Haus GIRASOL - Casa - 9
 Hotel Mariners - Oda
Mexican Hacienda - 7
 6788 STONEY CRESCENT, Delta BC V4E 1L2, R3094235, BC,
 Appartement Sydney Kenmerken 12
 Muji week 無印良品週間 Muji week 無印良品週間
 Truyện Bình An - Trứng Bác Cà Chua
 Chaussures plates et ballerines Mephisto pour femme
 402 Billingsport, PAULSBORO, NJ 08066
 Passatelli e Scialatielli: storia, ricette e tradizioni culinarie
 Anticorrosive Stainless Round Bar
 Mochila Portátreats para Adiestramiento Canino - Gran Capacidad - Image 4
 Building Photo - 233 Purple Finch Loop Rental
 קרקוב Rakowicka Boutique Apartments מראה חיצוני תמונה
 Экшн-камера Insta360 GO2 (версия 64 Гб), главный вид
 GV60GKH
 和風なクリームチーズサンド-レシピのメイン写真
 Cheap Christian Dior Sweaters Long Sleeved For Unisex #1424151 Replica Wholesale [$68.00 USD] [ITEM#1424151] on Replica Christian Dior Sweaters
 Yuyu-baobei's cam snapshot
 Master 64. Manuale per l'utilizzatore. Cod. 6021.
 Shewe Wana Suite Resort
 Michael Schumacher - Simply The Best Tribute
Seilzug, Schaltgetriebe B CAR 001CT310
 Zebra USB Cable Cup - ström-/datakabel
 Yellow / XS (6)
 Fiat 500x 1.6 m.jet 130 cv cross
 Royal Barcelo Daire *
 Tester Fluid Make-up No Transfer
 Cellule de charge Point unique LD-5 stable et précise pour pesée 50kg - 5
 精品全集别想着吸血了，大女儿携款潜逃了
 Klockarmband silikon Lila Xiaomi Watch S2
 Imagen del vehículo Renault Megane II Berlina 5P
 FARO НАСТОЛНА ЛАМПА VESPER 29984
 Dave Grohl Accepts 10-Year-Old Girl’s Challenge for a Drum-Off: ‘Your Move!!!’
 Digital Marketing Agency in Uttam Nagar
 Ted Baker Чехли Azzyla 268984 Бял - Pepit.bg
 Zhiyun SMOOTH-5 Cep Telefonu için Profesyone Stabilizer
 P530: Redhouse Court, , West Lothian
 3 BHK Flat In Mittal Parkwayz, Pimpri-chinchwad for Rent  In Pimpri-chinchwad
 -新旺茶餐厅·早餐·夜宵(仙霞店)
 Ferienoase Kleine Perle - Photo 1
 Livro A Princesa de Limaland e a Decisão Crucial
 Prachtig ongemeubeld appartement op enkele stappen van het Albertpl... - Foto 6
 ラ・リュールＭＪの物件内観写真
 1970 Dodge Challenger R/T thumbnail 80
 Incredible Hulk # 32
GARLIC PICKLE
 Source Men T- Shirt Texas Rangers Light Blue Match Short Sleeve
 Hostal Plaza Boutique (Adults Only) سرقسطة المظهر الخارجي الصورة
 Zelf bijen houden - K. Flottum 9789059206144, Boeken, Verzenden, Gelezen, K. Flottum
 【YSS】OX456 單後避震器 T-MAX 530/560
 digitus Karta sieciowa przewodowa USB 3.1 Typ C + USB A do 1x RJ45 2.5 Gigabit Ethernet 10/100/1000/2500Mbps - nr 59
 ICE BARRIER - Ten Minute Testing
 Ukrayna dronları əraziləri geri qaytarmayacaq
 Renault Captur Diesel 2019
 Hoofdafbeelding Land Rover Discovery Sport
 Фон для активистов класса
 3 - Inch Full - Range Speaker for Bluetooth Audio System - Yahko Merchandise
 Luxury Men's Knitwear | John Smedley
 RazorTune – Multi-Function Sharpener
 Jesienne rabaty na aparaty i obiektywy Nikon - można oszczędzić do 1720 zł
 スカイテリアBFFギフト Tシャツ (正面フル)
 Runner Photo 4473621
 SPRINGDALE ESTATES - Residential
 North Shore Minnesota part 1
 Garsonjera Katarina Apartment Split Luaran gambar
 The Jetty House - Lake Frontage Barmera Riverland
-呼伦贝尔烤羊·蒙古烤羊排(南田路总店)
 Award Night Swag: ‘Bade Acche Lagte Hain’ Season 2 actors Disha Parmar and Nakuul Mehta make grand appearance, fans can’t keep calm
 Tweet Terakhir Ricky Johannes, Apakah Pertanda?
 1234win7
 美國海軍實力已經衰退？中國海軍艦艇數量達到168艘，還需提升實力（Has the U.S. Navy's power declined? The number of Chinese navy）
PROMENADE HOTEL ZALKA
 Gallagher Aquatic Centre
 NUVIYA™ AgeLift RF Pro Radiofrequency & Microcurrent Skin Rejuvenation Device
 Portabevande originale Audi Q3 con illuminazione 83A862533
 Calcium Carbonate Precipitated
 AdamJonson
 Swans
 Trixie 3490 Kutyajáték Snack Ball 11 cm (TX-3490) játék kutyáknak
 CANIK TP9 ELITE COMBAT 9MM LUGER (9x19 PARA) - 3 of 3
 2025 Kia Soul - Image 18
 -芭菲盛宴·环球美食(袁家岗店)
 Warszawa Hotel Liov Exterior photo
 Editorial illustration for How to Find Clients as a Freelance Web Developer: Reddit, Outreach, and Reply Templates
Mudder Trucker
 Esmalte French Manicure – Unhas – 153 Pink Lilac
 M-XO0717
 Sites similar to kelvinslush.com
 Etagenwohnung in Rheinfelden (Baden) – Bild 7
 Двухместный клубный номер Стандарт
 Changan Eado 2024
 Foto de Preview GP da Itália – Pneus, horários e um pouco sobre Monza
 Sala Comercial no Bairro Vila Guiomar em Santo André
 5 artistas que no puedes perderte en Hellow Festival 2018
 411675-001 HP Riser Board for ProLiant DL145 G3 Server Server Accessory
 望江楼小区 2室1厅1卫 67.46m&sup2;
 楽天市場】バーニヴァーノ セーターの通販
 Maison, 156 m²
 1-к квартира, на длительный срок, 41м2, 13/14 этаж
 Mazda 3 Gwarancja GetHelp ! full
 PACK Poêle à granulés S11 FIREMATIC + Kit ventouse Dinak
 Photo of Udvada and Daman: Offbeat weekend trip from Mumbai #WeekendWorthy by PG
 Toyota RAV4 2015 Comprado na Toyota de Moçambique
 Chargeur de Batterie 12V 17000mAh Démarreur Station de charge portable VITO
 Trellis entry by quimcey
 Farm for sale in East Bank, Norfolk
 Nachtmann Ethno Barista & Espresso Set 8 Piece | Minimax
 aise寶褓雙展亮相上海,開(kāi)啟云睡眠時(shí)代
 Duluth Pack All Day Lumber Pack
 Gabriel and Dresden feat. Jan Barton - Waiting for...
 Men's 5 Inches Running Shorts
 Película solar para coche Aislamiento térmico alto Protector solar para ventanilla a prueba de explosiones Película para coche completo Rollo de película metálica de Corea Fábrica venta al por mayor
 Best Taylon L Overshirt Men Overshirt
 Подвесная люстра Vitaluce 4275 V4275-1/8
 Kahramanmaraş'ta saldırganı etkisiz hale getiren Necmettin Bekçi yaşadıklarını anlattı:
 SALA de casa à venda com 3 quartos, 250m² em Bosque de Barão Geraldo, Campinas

→ What you should do: Output exactly one stretch of the listing: from the line containing "Muji week 無印良品週間 Muji week 無印良品週間" through the line containing "Mochila Portátreats para", both end lines included.

→ Answer for the task:
 Muji week 無印良品週間 Muji week 無印良品週間
 Truyện Bình An - Trứng Bác Cà Chua
 Chaussures plates et ballerines Mephisto pour femme
 402 Billingsport, PAULSBORO, NJ 08066
 Passatelli e Scialatielli: storia, ricette e tradizioni culinarie
 Anticorrosive Stainless Round Bar
 Mochila Portátreats para Adiestramiento Canino - Gran Capacidad - Image 4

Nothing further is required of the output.